For comparison, this is Fyrinnae Parental Advisory and Kitten in Heels blended over Urban Decay Primer Potion(#1) and PROPERLY applied over Pixie Epoxy(#4). You can see how much more of fyrinnae’s fragile sparkles and complex finish is maintained over Epoxy.
Here’s a quick summary of the problems I’ve encountered, and how to fix them.
I applied Epoxy to my lid, but when I applied eyeshadow over top, it smeared around weirdly, and my brush is sticky and gummy.(see picture #2)
That is what happens when you apply too much Epoxy to the lid. Best bet is to wipe it off with a clean cotton swab or rag, and start from scratch. If you have only applied a little shadow before realizing the problem, you should be able to easily remove the shadow, and blend the Epoxy on the rest of the lid in to cover the area, for a normal, thinner coat. Then you can reapply right away.

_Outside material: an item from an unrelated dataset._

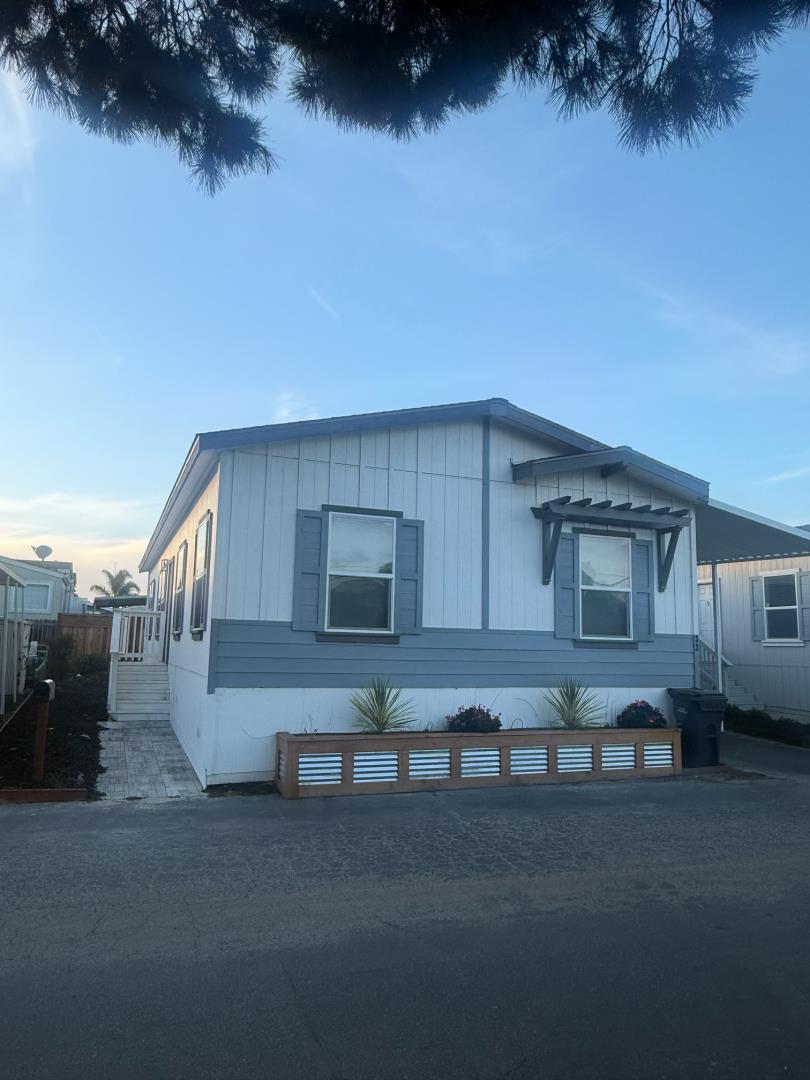49 Blanca — photo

I applied Epoxy to my lid, and swiped shadow over top, but it looks streaky and won’t blend.(picture #2)
Well, first off, Did you wait before applying. Epoxy feels EXACTLY like Vaseline on the lid for the first 30 seconds. Then, it sets, and gets sticky, rather than goupy. It’ll still be sticky, but it’ll be easier to blend shadow over once that happens. Also—Epoxy absorbs more shadow so patting eyeshadow into place is often more effective for getting enough pigment to provide an even coat. I recommend using patting motions for the first coat particularly. The second coat, patting will still help keep it opaque, but once the majority of the product has been set with eyeshadow, you can use a few sweeps to blend. Usually it’s one of those two culprits—not waiting to apply, or not applying enough shadow.
Ummmmm, it doesn’t look like it’s doing anything. I still can’t see my shimmers, and now my blending looks muddy too!(picture #3)
Poor Epoxy! You waited so long to apply your eyeshadow, it dried up of longing! Not to worry! This is one of the easier fixes, and you can even revive it without dislodging the shadow you applied! Just pat a damp brush or cotton swab(SLIGHTLY damp, mind you) over top and resume your application. Isn’t that better? Just make sure you PAT or it will smear!
Well, it looked pretty for the first hour, but not it’s settled into my crease.
Did you apply primer underneath Epoxy?
If the answer is no, that’s your problem right there! Epoxy is NOT a primer on its own. Just make sure you use a base next time and that should help!
If the answer is yes, we have a few options.
Did you clean your face before beginning application? If you have Oily lids, that oil can prevent the primer and epoxy from setting properly. Just make sure to wash your face, or wipe it down with toner, before applying.
Did you apply too much Epoxy? If so, see question #1.. That CAN still cause creasing though, even if you don’t notice it being obviously too slippery during the actual application.
How many layers of shadow did you apply over Epoxy? Epoxy may not set as nicely if you have applied thinner layers, or used only one coat of pigment. Try patting eyeshadow on, rather than swiping, to get a more generous amount of pigment to set the epoxy.
Now onward! To hours of amazing glitter!